"I will just pretend that I have not heard neither the Russians nor the Americans,” Boyko Borisov said on Wednesday. Photo by BGNES
Bulgaria's Prime Minister Boyko Borisov has denied the country is in talks with the United States over its involvement in a new US missile defense system in Europe which has come as an unwelcome surprise to Moscow.
“The United States and Russia are holding strategic arms negotiations and each one of them is playing their own tactics, in this case at our expense. So many opinions were voiced by the two sides without even consulting us. I will just pretend that I have not heard neither the Russians nor the Americans,” Boyko Borisov said on Wednesday.
He stressed that the missile shield issue is not tied to the implementation of Russian energy projects in Bulgaria.
Russia has demanded that Bulgaria explains in details its planned involvement in a new US missile defence system in Europe, saying this has been promised to them.
"We have already asked our partners in Washington... what does this all mean and why after the Romanian 'surprise' there is a Bulgarian 'surprise' now," Russian Foreign Minister Sergei Lavrov said over the weekend.
James Warlick, the U.S. ambassador to Bulgaria, said earlier in the week that the United States was holding informal talks with the Balkan country on hosting elements of a U.S. missile shield on its soil.
Warlick played down Russian fears about the system by reiterating President Barack Obama's statement that America wanted "a strong, peaceful, and prosperous Russia."
"The United States will not ask the Bulgarian government or people to choose between Moscow and Washington," he added.
Meanwhile the Bulgarian Prime Minister Boyko Borisov indicated he supports plans for taking part in a new US missile defence system in Europe.
Neighboring Romania announced last week that it would host interceptor missiles as part of a U.S. missile defense system on its soil.
A US State Department official said earlier the facilities in Romania are to become operational by 2015 and are designed as protection against "current and emerging ballistic missile threats from Iran."
The planned deployment in Bulgaria and Romania comes after US President Barack Obama scrapped plans for a radar and interceptor missiles in the Czech Republic and Poland, which Russia fiercely opposed as a national security threat and a blow on its nuclear deterrent.

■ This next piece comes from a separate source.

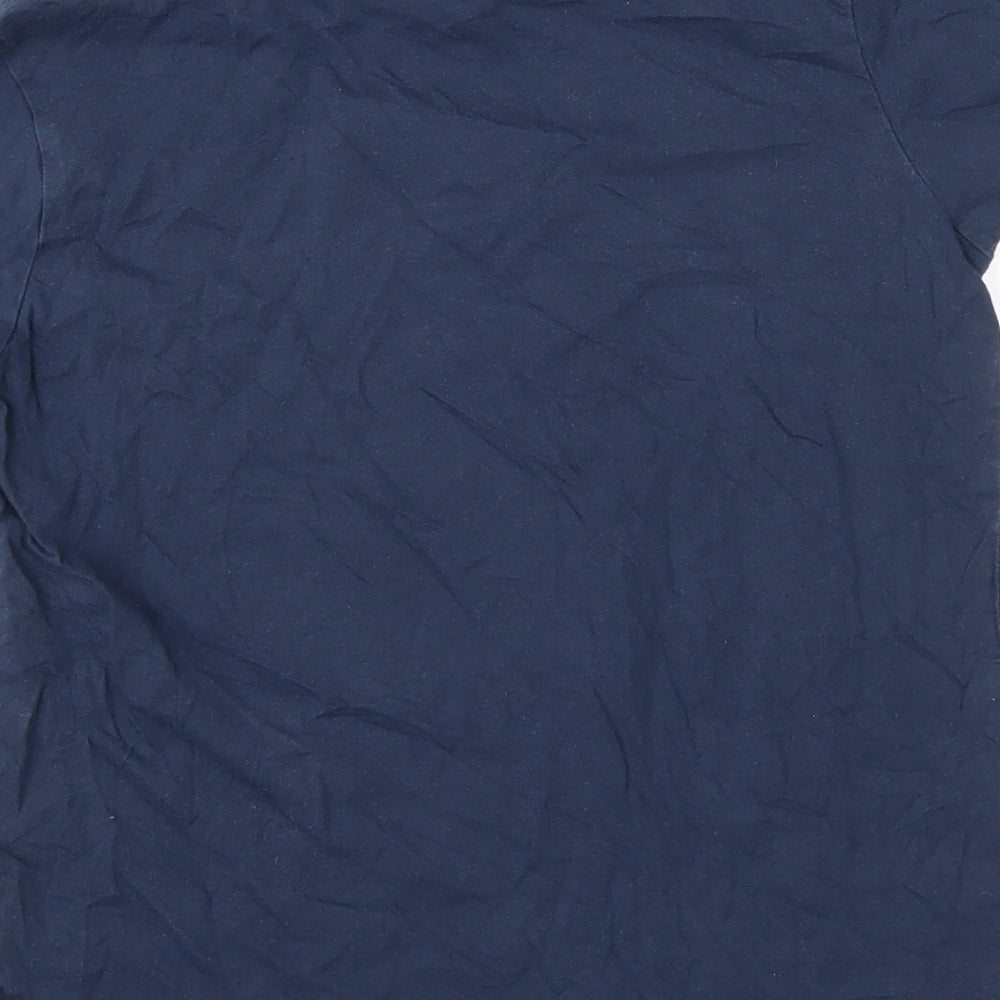 George Girls Blue Basic T-Shirt Size 9-10 Years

Former US president George W. Bush's administration devised the missile defense plan, saying that it was a precautionary measure against attacks from the so called 'rogue states' like Iran and North Korea.
During his visit to Bulgaria in June 2007 George Bush held talks with the country's government, a staunch US ally, which was concerned it may be left out of the plan, which would include bases in Poland and the Czech Republic.
The issue has contributed to raised tensions between the US and Russia, which responded furiously to what it saw as an encroachment in the former Soviet bloc and threatened to deploy its own missile system in Kaliningrad, an exclave near Poland.
Bush's successor President Barack Obama has launched discussions with potential host countries on a revamped missile defense approach.